But I feel like the job of a lot of those essays is to make women afraid of traveling alone. To put it in this place of, you have to think about it, you have to prepare for it. You’re in danger if you travel alone. The New York Times loves to tell women about how dangerous it is for them to be traveling alone—there’s always these stories that oh, this woman was murdered in Istanbul, she was a tourist. People get murdered everywhere. You could get murdered in your goddamned house. You’re way more likely to be murdered by you boyfriend or your father than by some stranger out on the road.

I think that the women perpetuate a bad stereotype by writing those kinds of things, and I try purposefully not to talk too much about that in those terms. I do feel like women should travel by themselves. It’s a great experience. Too many people, not just women but also men travel in groups or in couples or whatever. It’s really not the same experience at all. I was talking about this with a friend, because she traveled with her boyfriend for the first time and she had always traveled on her own. and she was like, I fucking hated it. I had somebody’s needs to consider other than my own and I was always worried that he wasn’t entertained.

It sounds cheesy, but you end up less open.

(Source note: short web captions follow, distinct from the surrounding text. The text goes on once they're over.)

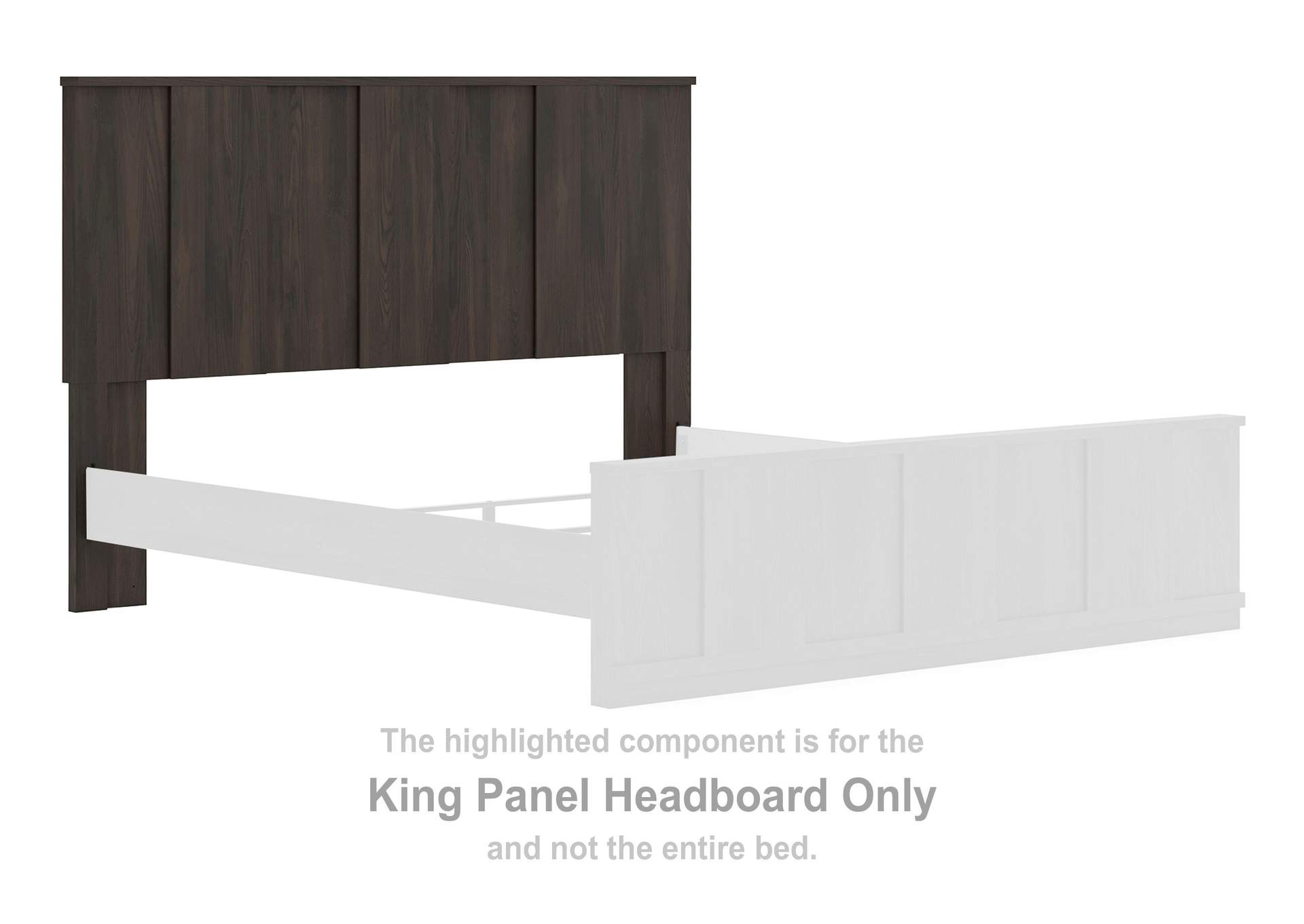 Shaehartin King Panel Headboard image 2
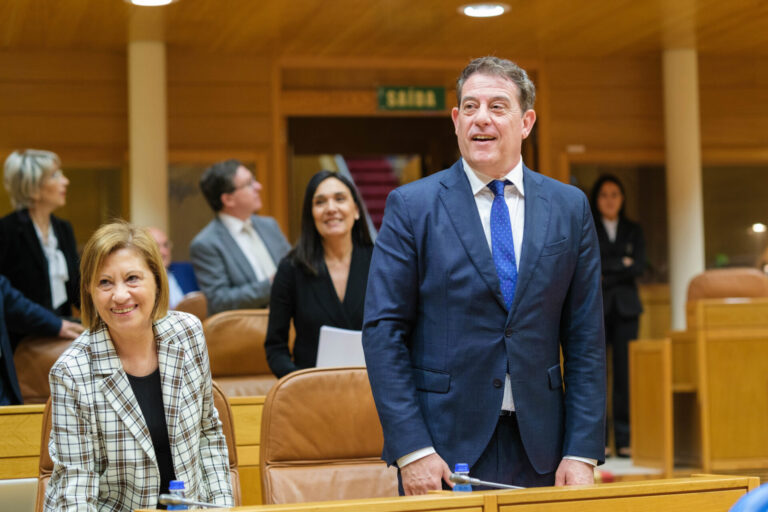 DEA.- Besteiro ve «decepcionante» el discurso de un Rueda «subitido» y «más preocupado de la oposición» que de Galicia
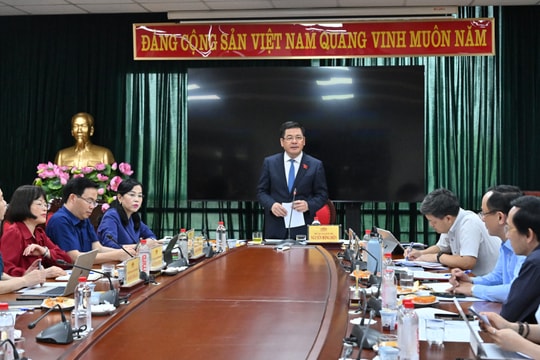 Rà soát, hoàn thiện tổ chức để nâng cao hiệu quả hoạt động của Ủy ban Khoa học, Công nghệ và Môi trường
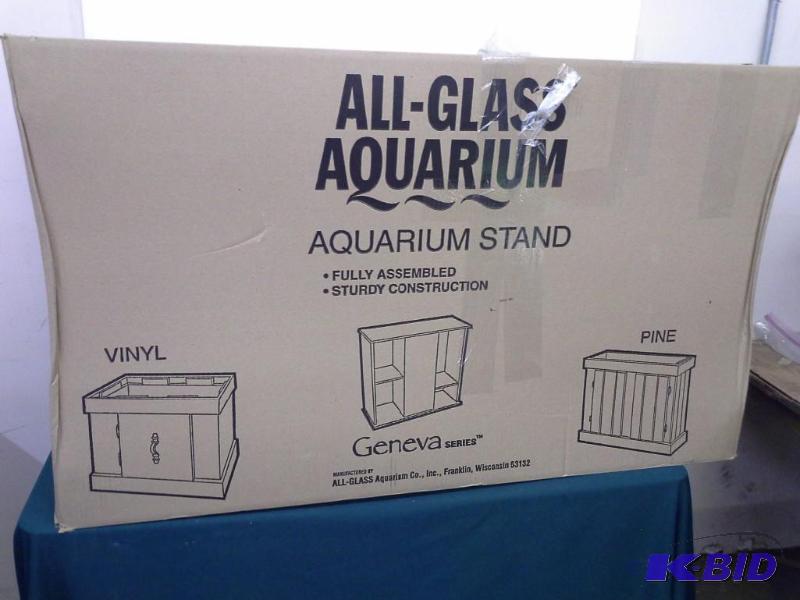 lot 393 image: Aquarium Stand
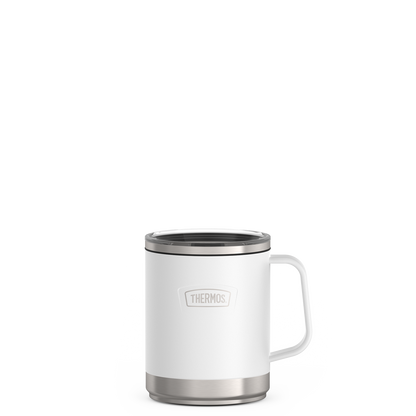Thermos 14oz ICON MUG WITH SLIDE LOCK LID White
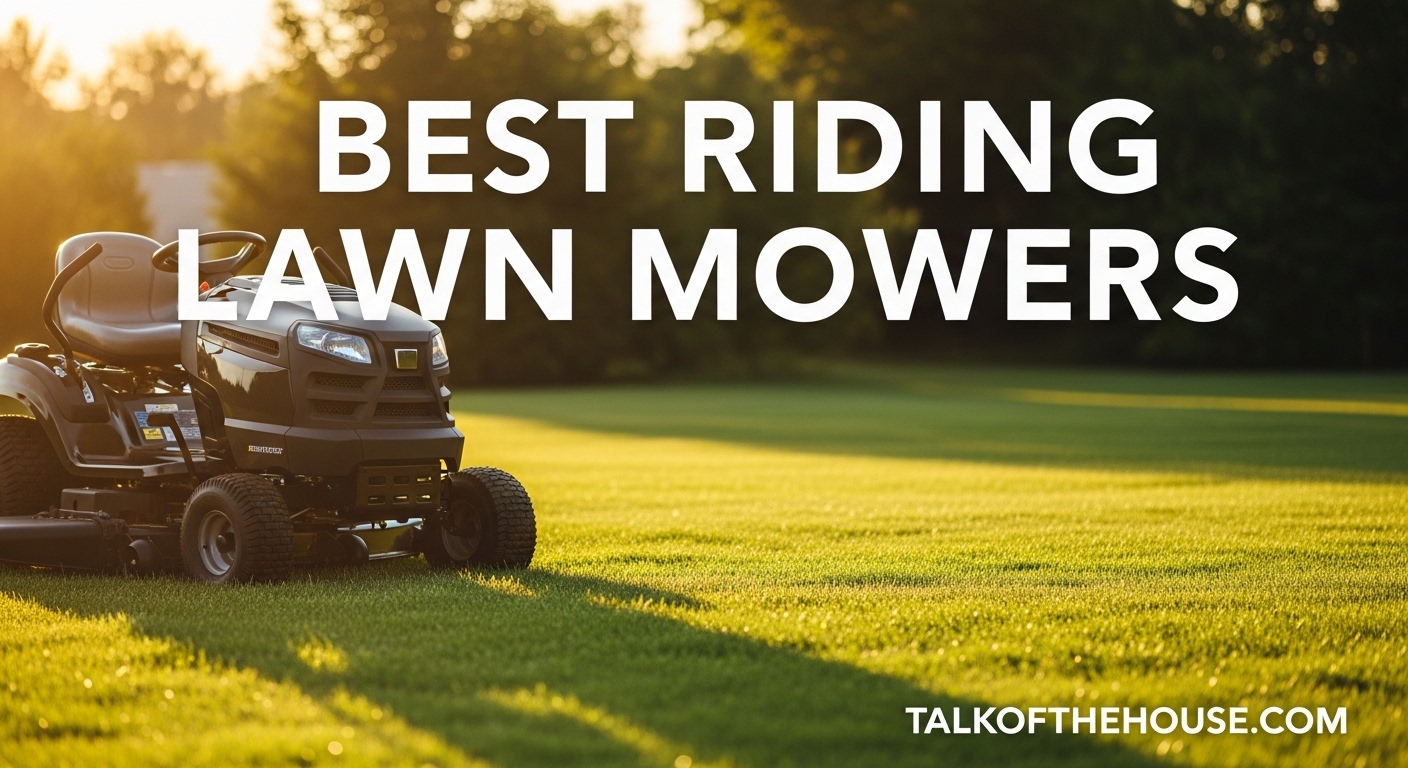 Best Riding Lawn Mowers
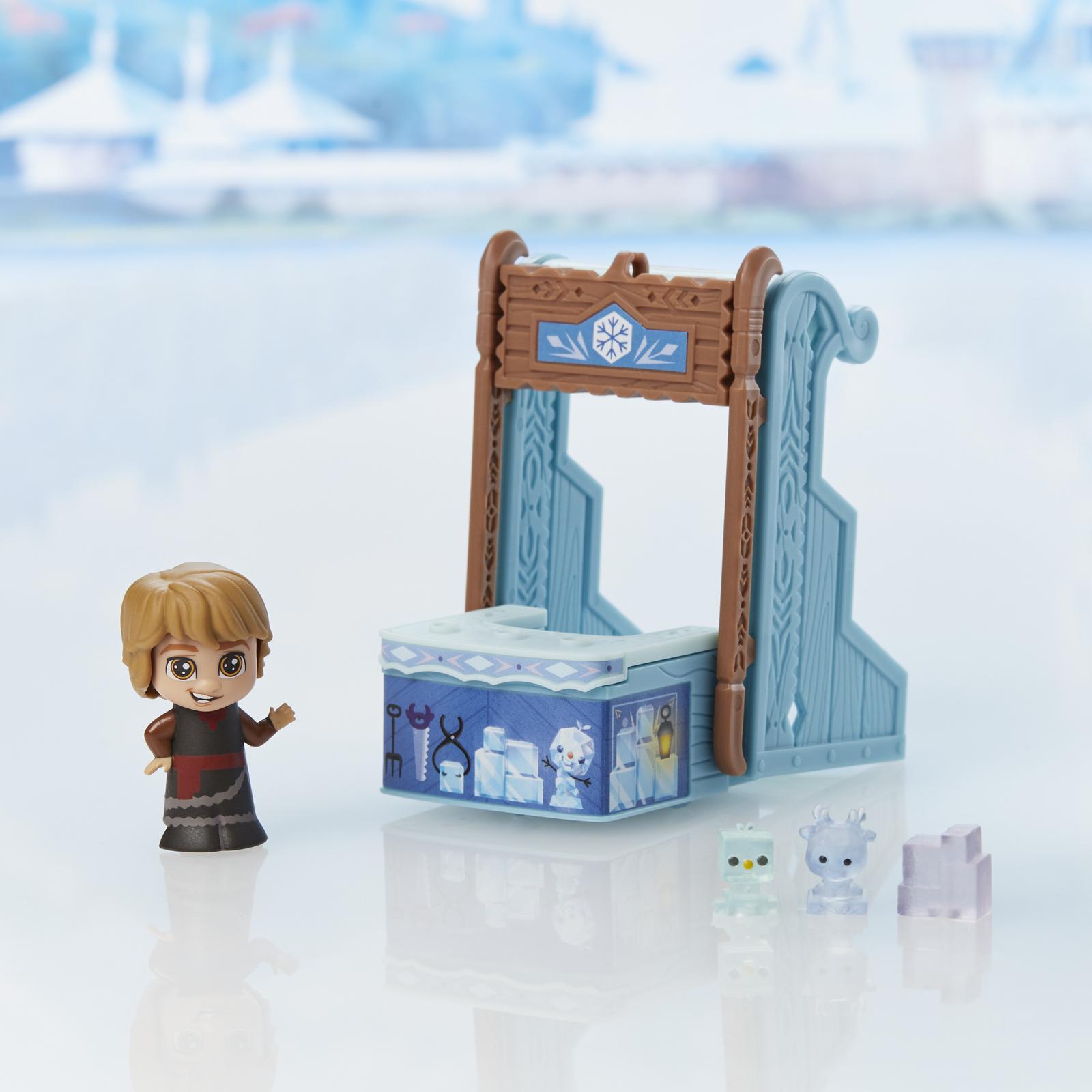 Набор игровой Disney Frozen Холодное Сердце Twirlabouts Санки Кристоф F3131EU4 - фото 7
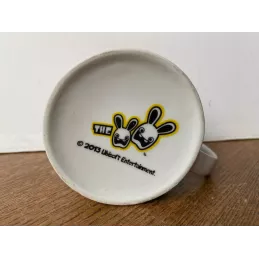 MUG THE LAPINS CRETINS  HT 9.80CM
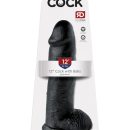 12" Cock with Balls Black | ViPstore.hu - Erotika webáruház #1 - EAN 603912350326 | SKU PIPE551123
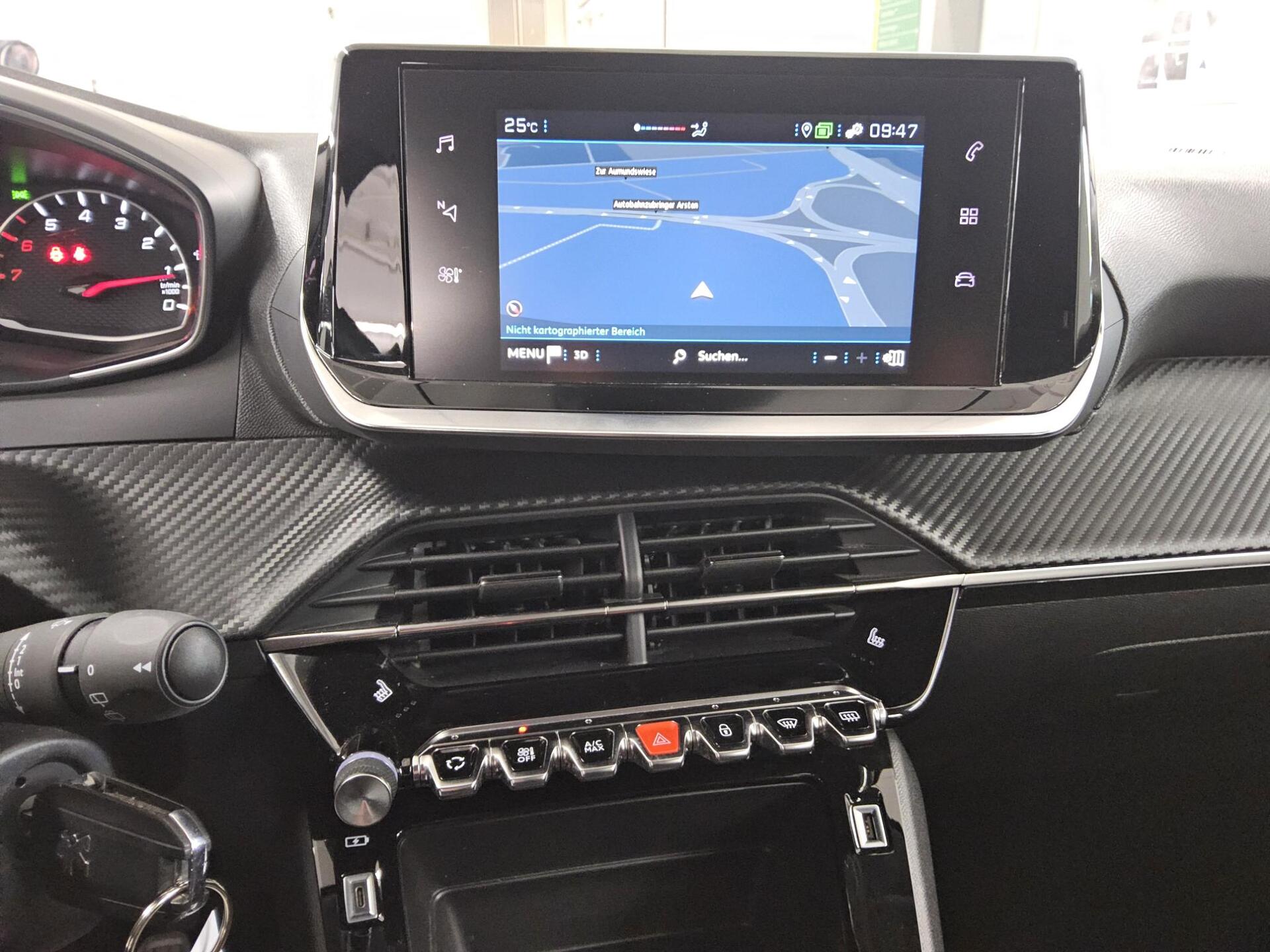 Peugeot 208 1.5 BlueHDI Active Navi LED Shz RFK 7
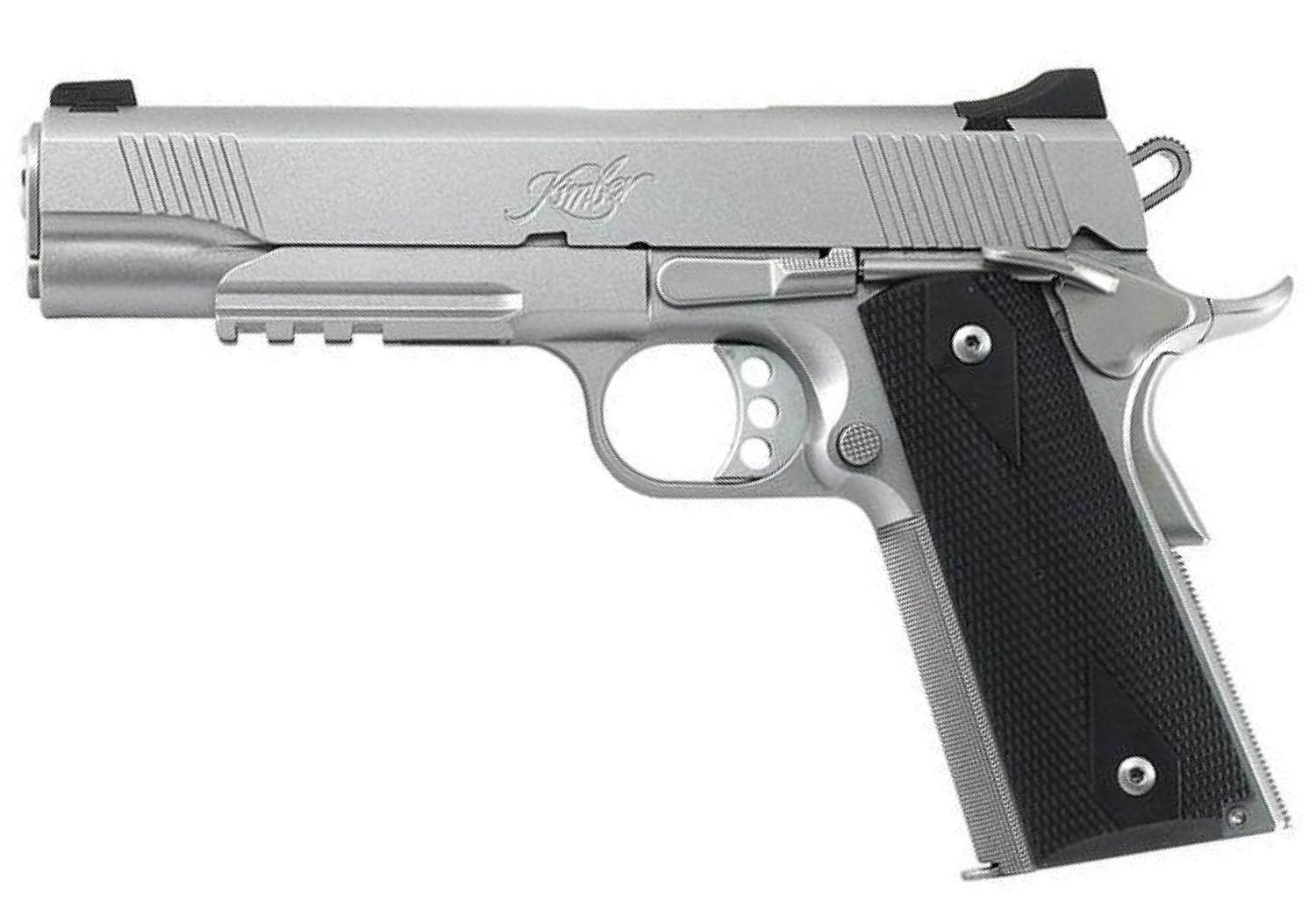 Kimber 1911 Stainless TLE/RL II .45 ACP Pistol 3200140CA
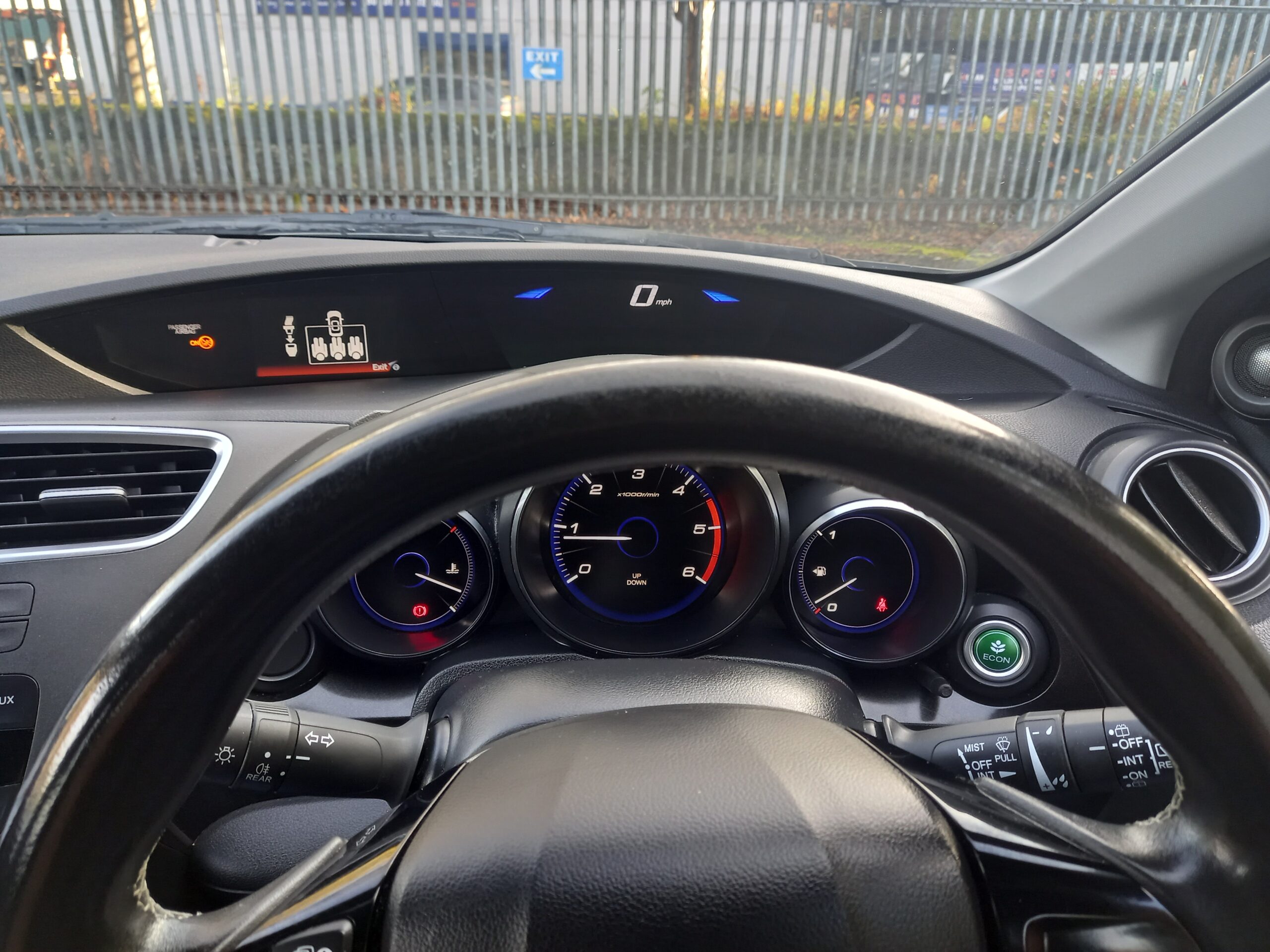 HONDA CIVIC 1.6 i-DTEC S 5dr 73,000 Miles Full Service History £20 tax 3 Months Warranty - Image 30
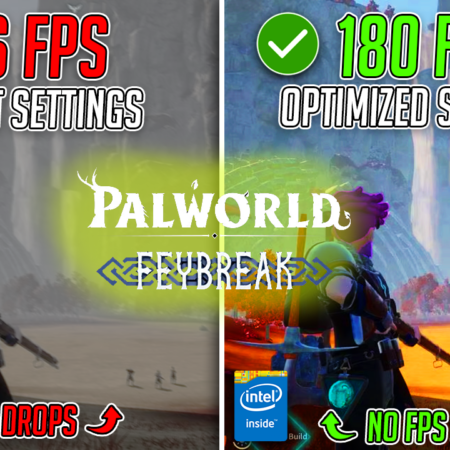 Palworld – Best Settings to Fix Lags, FPS Drops, Stutters on ANY PC!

No, it’s totally real. If you have this one person satisfying your needs, and you’re taking care of their needs, then you’re not responding to the environment, and you’re not vulnerable. And I think the primary point of traveling is to make yourself vulnerable, so you can be affected by what’s going around. If you’re preventing that because you need somebody to talk to—I don’t know, there’s Skype, you can talk to them at night. Talk to the fucking person at the cafe!